Georges Eugène Haussmann was born Paris in 1809. He was a supporter of Louis-Napoléon Bonaparte, who named him Prefect of the Seine Department in 1853. During his time as Prefect, he carried out a massive renovation of Paris. Napoleon III, who had been impressed by London's modern city planning and hygiene, wanted to transform Paris, a city that remained essentially medieval, into a capital just as prestigious, modern, and functional as the English one.
The two men substituted extensive avenues and boulevards for the old, dark, easily-barricaded narrow streets. This had a political as well as an aesthetic function. By protecting the city from future insurrections, these public works contributed to the pacification of Paris.
Under the Second Empire, Paris was rebuilt according to a whole new street plan.

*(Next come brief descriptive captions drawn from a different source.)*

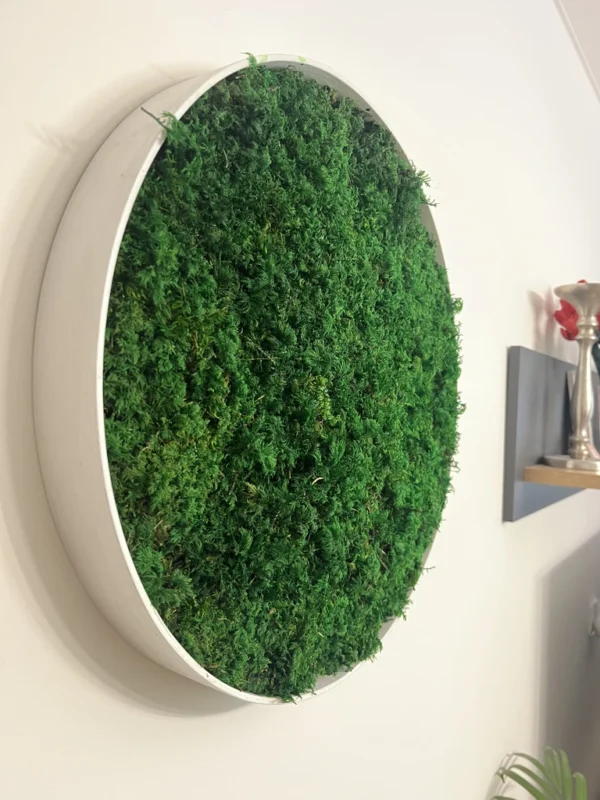 Round wall art by Ekomoss made of vibrant green, preserved fern moss in a simple white frame against a neutral background.
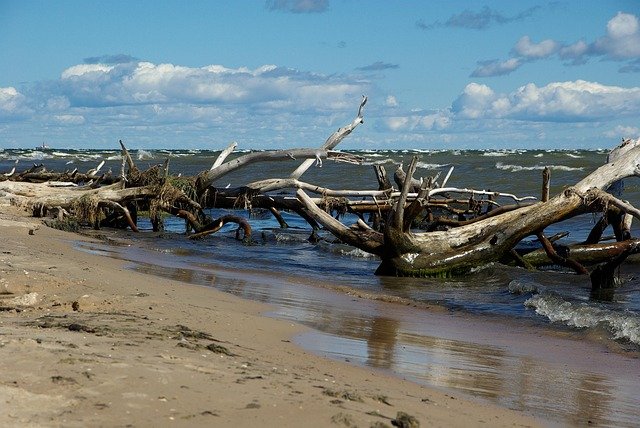 latvia, cap kolka, nature, driftwood, sea, beach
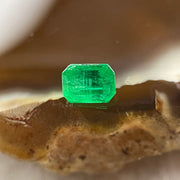 Natural Colombia Vivid Green Emerald (Beryl) Cut-Cornered Rectangular Step cut 0.41ct 4.8 by 3.7 by 3.0mm - Huangs Jadeite and Jewelry Pte Ltd
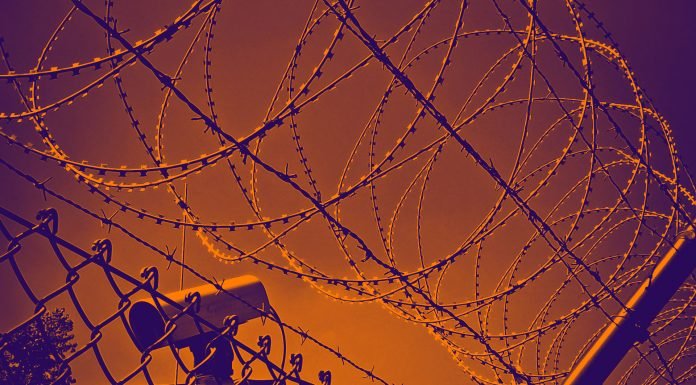 Der Erfolg der Corona-Warn-App oder die Tribute von Dorothee Bär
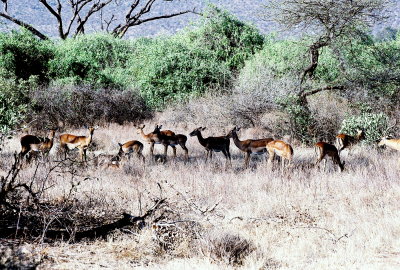 Impalas - Samburu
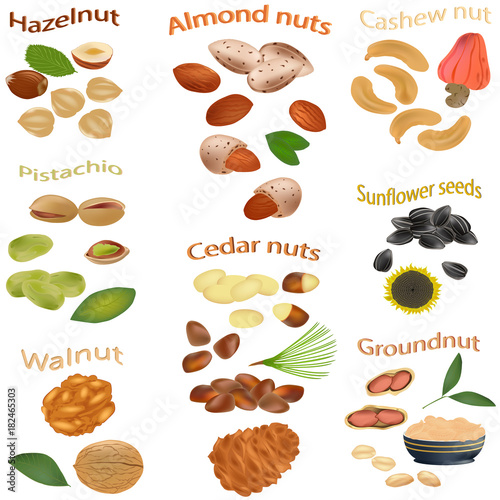 Set of nuts. Peanuts, cashews, hazelnuts, walnuts, sunflower seeds, almonds, pistachios, cedar nuts. The different nuts isolated on white background. Vector illustration.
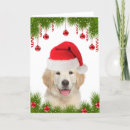 Search for cute golden retriever puppy christmas cards Funny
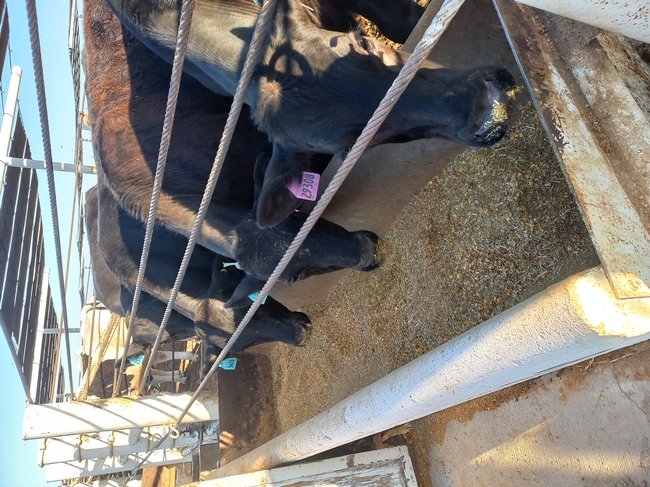 A row of beef cattle feeding from a trough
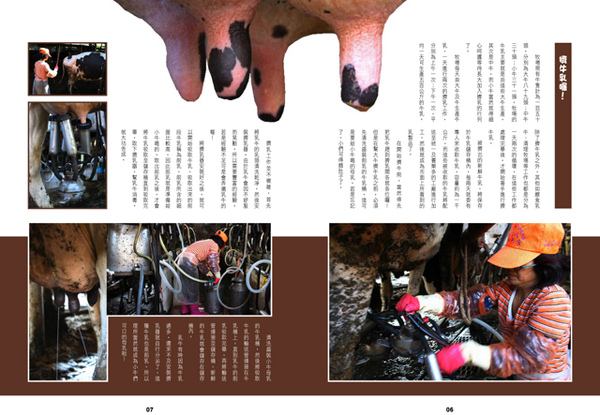 畜牧場雜誌編排-3.jpg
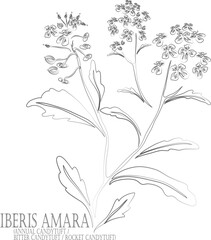 Annual Candytuft, Rocket Candytuft flowers vector contour. Iberis amara outline. Set of Bitter Candytuft plant in Line for pharmaceuticals. Contour drawing of medicinal herbs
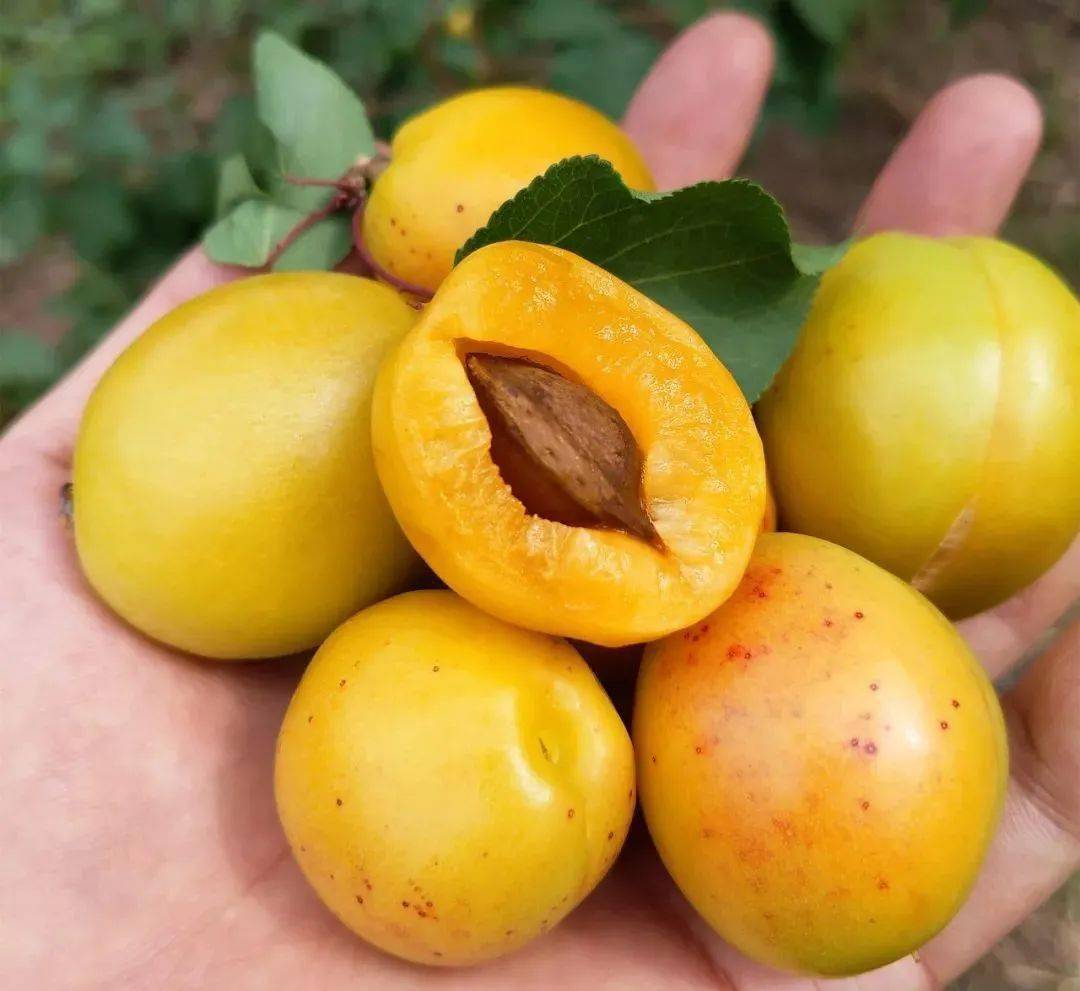 产地食材▎泰安半野生珍珠杏自然果香浓郁又清爽唤醒夏日活力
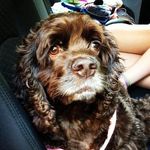 Ann Bumbera Caulfield - @anniec6 - Instagram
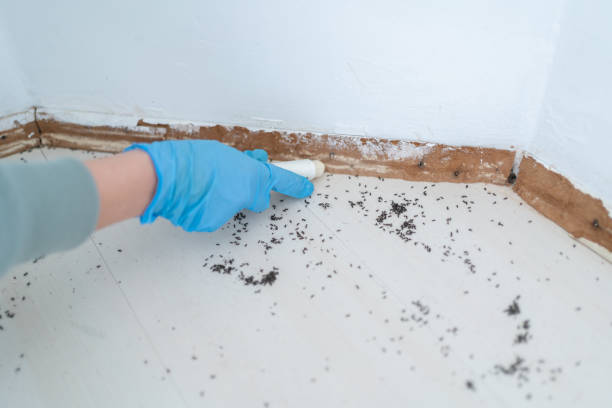 Best Residential Pest Control  in Palmetto Estates, FL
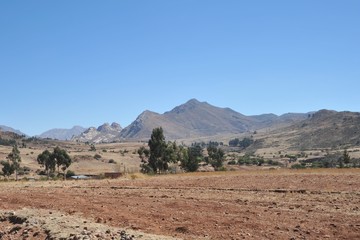 Altiplano.Bolivia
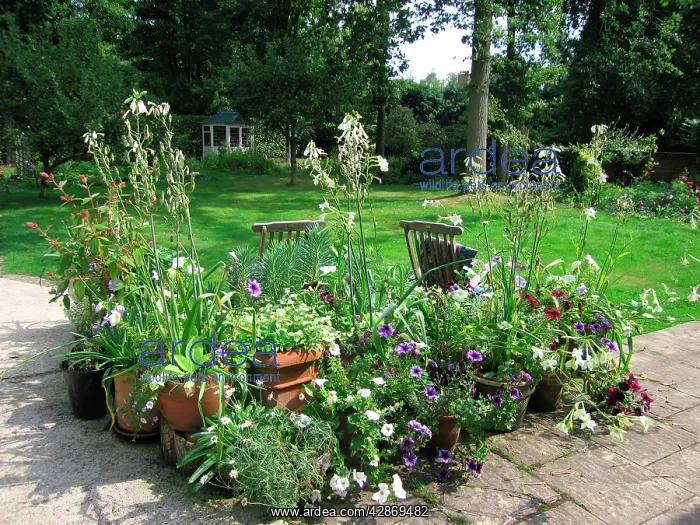  : Garden - Patio flowers
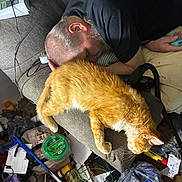 Smiley is registered to the contest to win money with this photo: cat, orange_cat, sleeping_person, beard, chair, couch, indoor, home, clutter, messy_room, cables, electronics, papers, plastic_bags, blanket, black_shirt, pet, resting, funny_scene, photograph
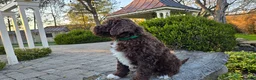Portuguese Water Dog dogs for sale: Fritz - Ad 8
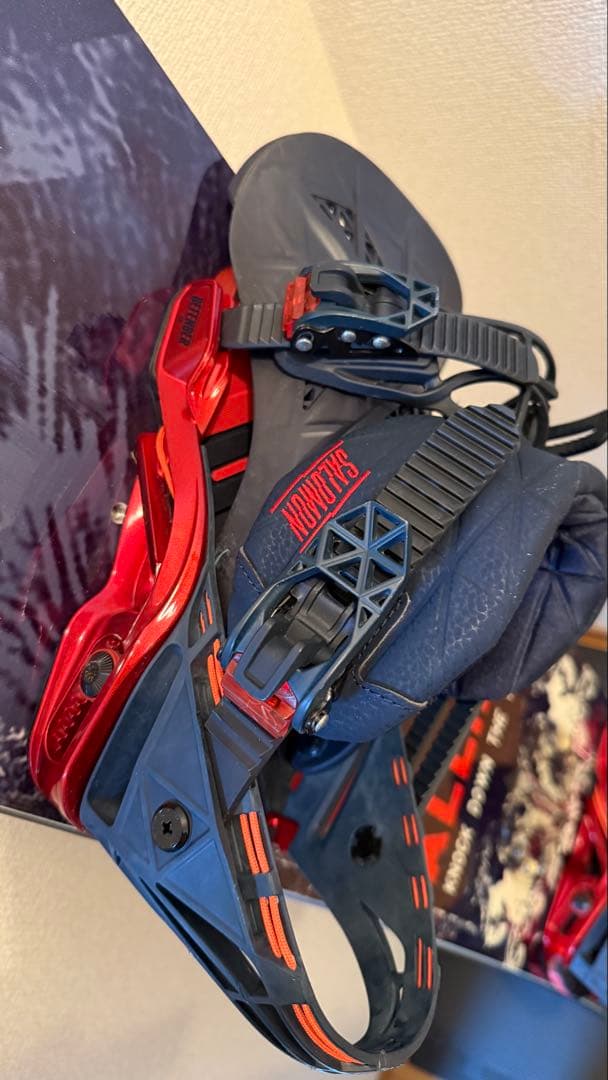 【週末セール価格】ALLIAN PRISM + SALOMON Shadow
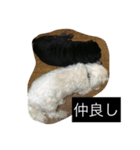 イヌの写真達（個別スタンプ：3）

Haussmann transformed Paris, isolating its many monuments to make them stand out magnificently. For example, the avenue de l'Opéra was constructed in such a way that it leads the eye to the Opéra Garnier, inaugurated in 1874.
Moreover, the Emperor and the Prefect created parks and public gardens across the city, including the Bois de Boulogne and the Bois de Vincennes. The entire sewer system was made healthier. Napoleon III wanted to develop direct and practical transportation throughout the city. New train stations were built, situated around the old city, and connected to one another by long streets.
Haussmann turned medieval Paris into the modern French capital that it is today, by making it more functional, clean, and modern, and by giving it its modern-day aesthetic that is known and admired around the World, with its vast avenues and boulevards, its open places adorned with statues, its splendid monuments, and its serried ranks of identical, six-story buildings.